Thursday, March 02, 2017

Demand Remains For Free Speech

It is disappointing that the parliamentary committee charged with looking into one of Australia's most insidious anti-free speech laws has failed to recommend its repeal.  The Parliamentary Joint Committee on Human Rights tabled its final report on Tuesday following its inquiry into freedom of speech in Australia.  Specifically, the committee was asked to assess the operation of section 18C of the Racial Discrimination Act.

The report lists a range of options for reform, including replacing the words "offend", "insult", and "humiliate" with "harass".  Nowhere near enough, but at least it's a step in the right direction.

Section 18C is a dangerous provision.  It makes it unlawful to "offend, insult, humiliate or intimidate" another person on the basis of "race, colour, or national or ethnic origin".  Its effect is to restrict speech and regulate public debate.

Section 18C is the legal basis on which a complaint was launched against several students at the Queensland University of Technology and, ironically, it's the law that destroyed any chance one young man, Calum Thwaites, had of becoming a teacher helping to educate disadvantaged indigenous kids.

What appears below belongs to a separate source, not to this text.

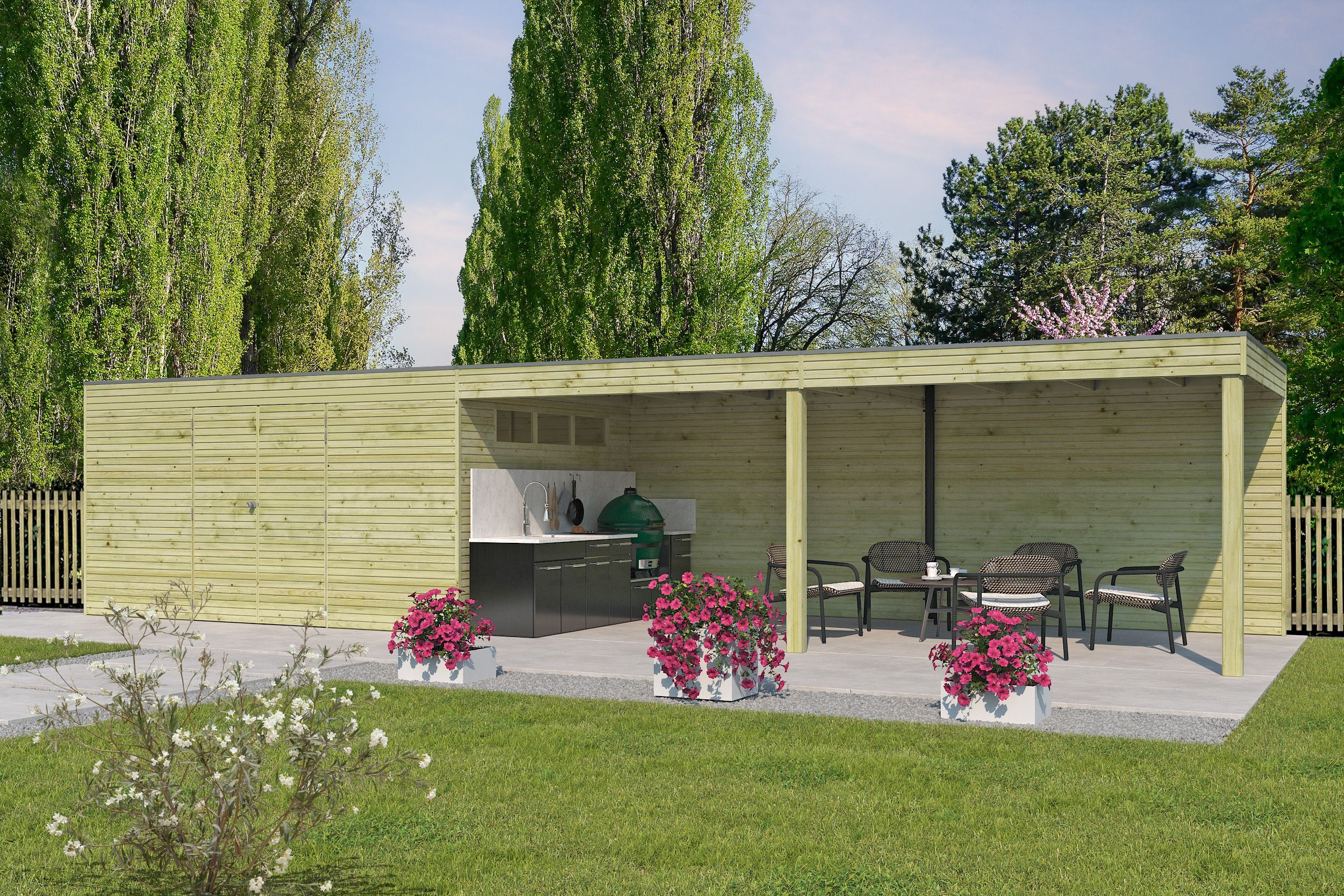 26% Rabatt ! Gartenhaus Modell QB-Line 12,60 m² + 600 cm Anbau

The now infamous complaint against the "QUT three" was started after one of the young men — then a 20-year-old engineering student, Alex Wood — made this comment on an unofficial student Facebook page after being removed from a university computer room reserved for Aboriginals:  "Just got kicked out of the unsigned indigenous computer room.  QUT stopping segregation with segregation?"

For this piece of inoffensive Facebook banter the student, along with several others who commented on the original post, has been dragged through a legal saga lasting almost four years.  Australians recognise this is unacceptable in a country such as ours.  A whopping 95 per cent of Australians believe freedom of speech is either "important" or "very important".  This is according to Galaxy Research polling commissioned last year.

Given that we don't expect many Australians to know the precise name of an obscure piece of legislation such as the Racial Discrimination Act, it's also telling that when asked about a change that would delete the words "offend" and "insult" from section 18C an extraordinary 48 per cent approve.

And yet, when a parliamentary inquiry is set up to look into this issue, the repeal of this un-Australian law is not even listed as an option for reform.  I don't know how anyone can hear the stories of Alex Wood and Calum Thwaites and not recommend the complete repeal of section 18C.

Even if the political class is slow to come around to the idea that our basic liberal democratic traditions are worth defending, there's no doubt progress is being made.  The case for repeal grows stronger every day.